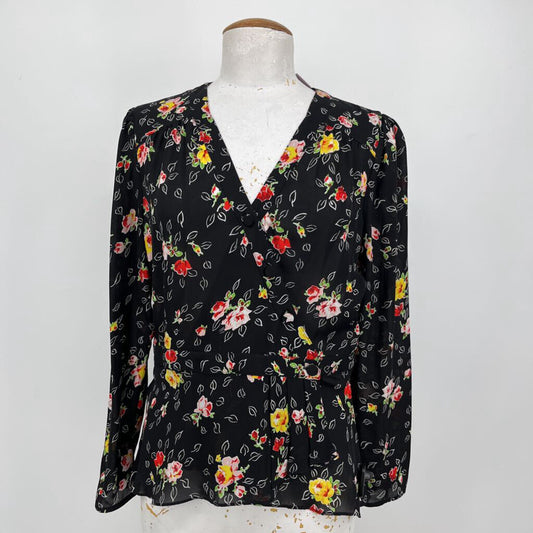 Veronica Beard L/s Shirt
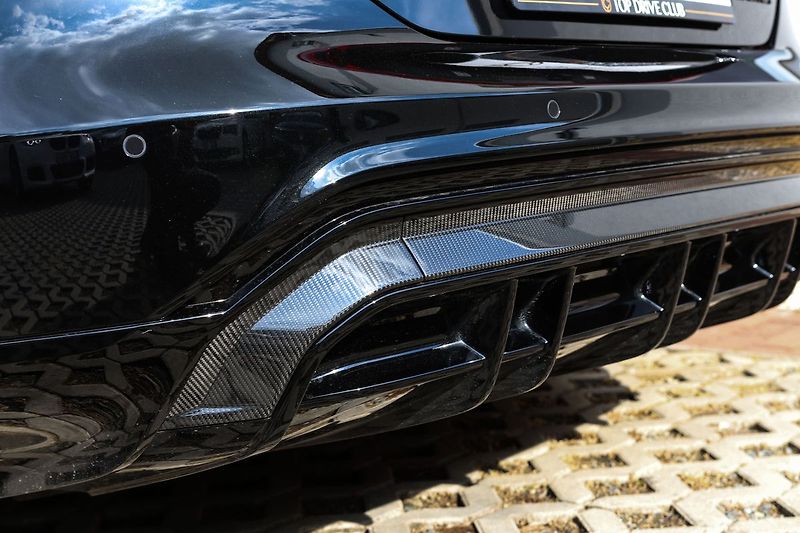 Audi Ostatní Laser, B&O, natáčení kol - fotka 6 z 30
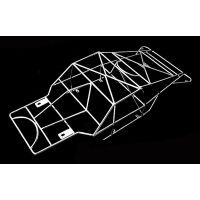 RC4WD Chrome Tube Chassis for Traxxas Slash 4x4 Edition Z-C0028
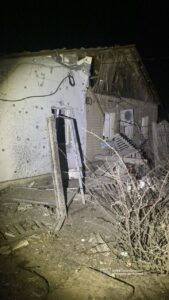 Постраждав 14-річний хлопець: росіяни атакували Запоріжжя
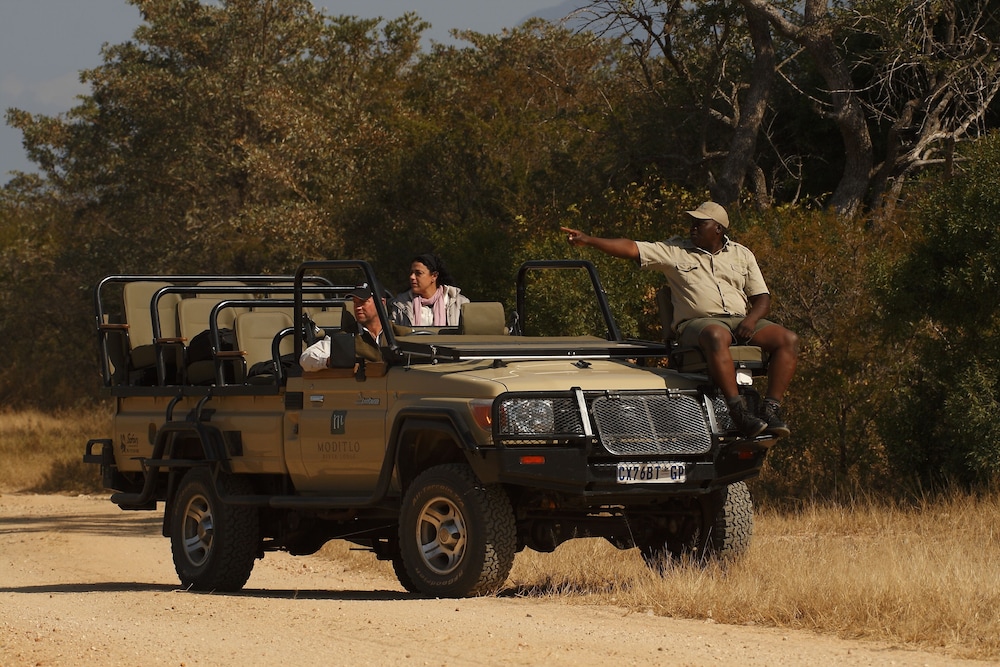 Moditlo River Lodge 38/50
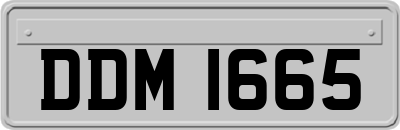 DDM1665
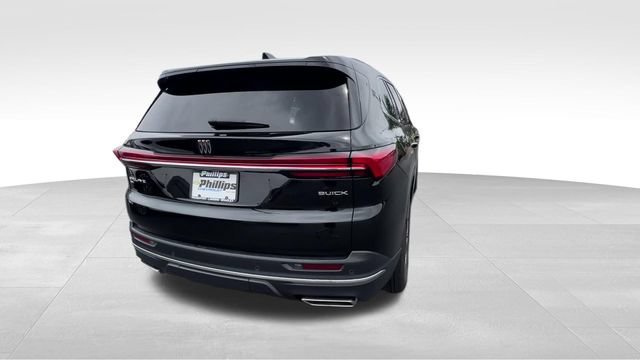 Certified 2025 Buick Enclave Preferred AWD/4WD image 7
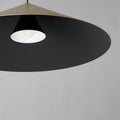 ET2, PITCH-SINGLE PENDANT, PENDANT LIGHT
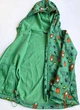 Детская куртка софтшел на флисе Lupilu 122-128 см Softshell водонепроницаемая для мальчиков 521212 - изображение 2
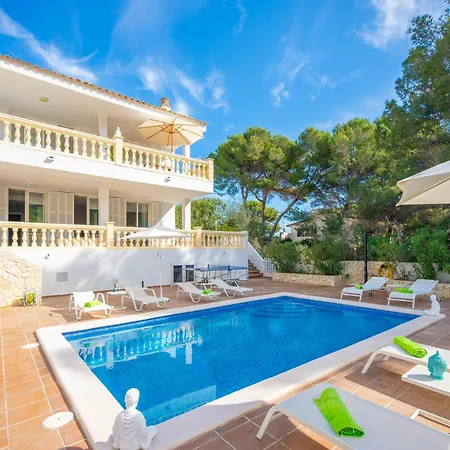 Villa Casa Feliz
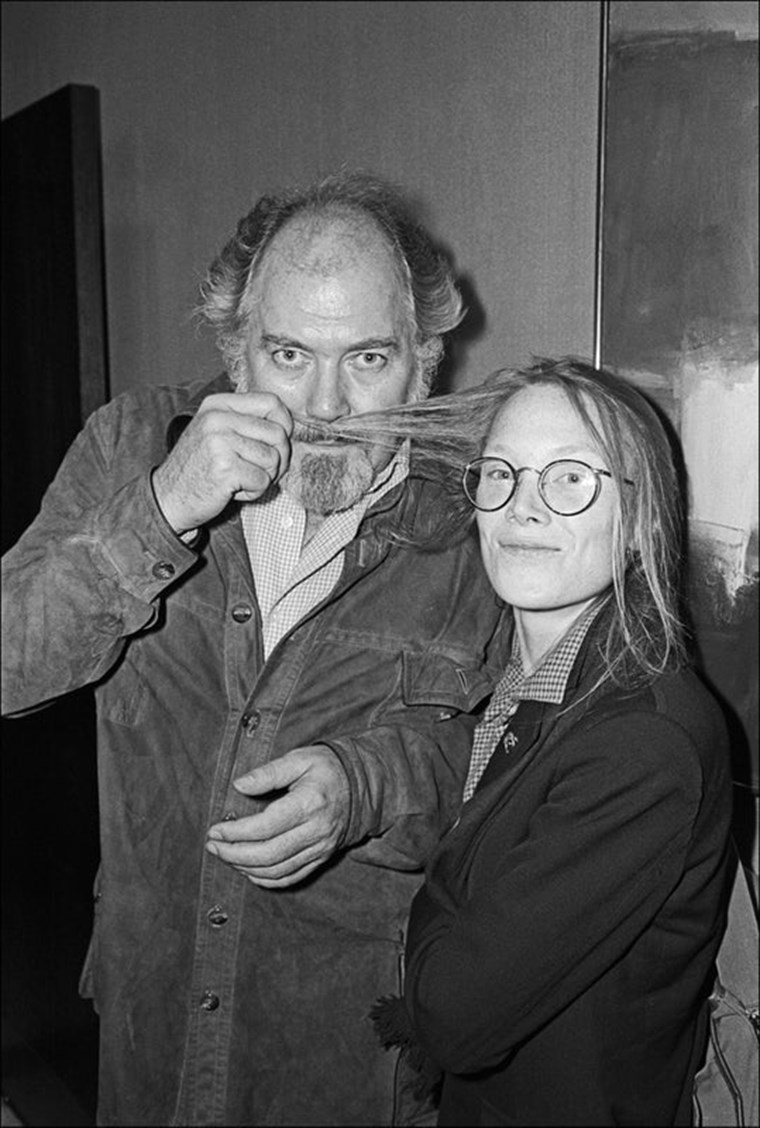 Robert Altman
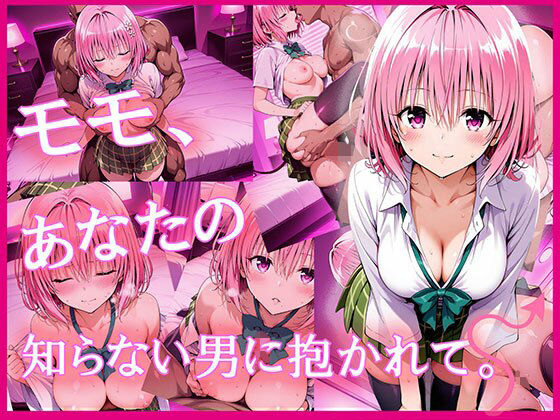 モモ、あなたの知らない男に抱かれて。【制服】同人レビュー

## Work task
Starting at the line that contains "Villa Casa Feliz" and ending with the last line of the data, transcribe every line exactly; skip the pictures.

## Written solution
 Villa Casa Feliz
 Robert Altman
 モモ、あなたの知らない男に抱かれて。【制服】同人レビュー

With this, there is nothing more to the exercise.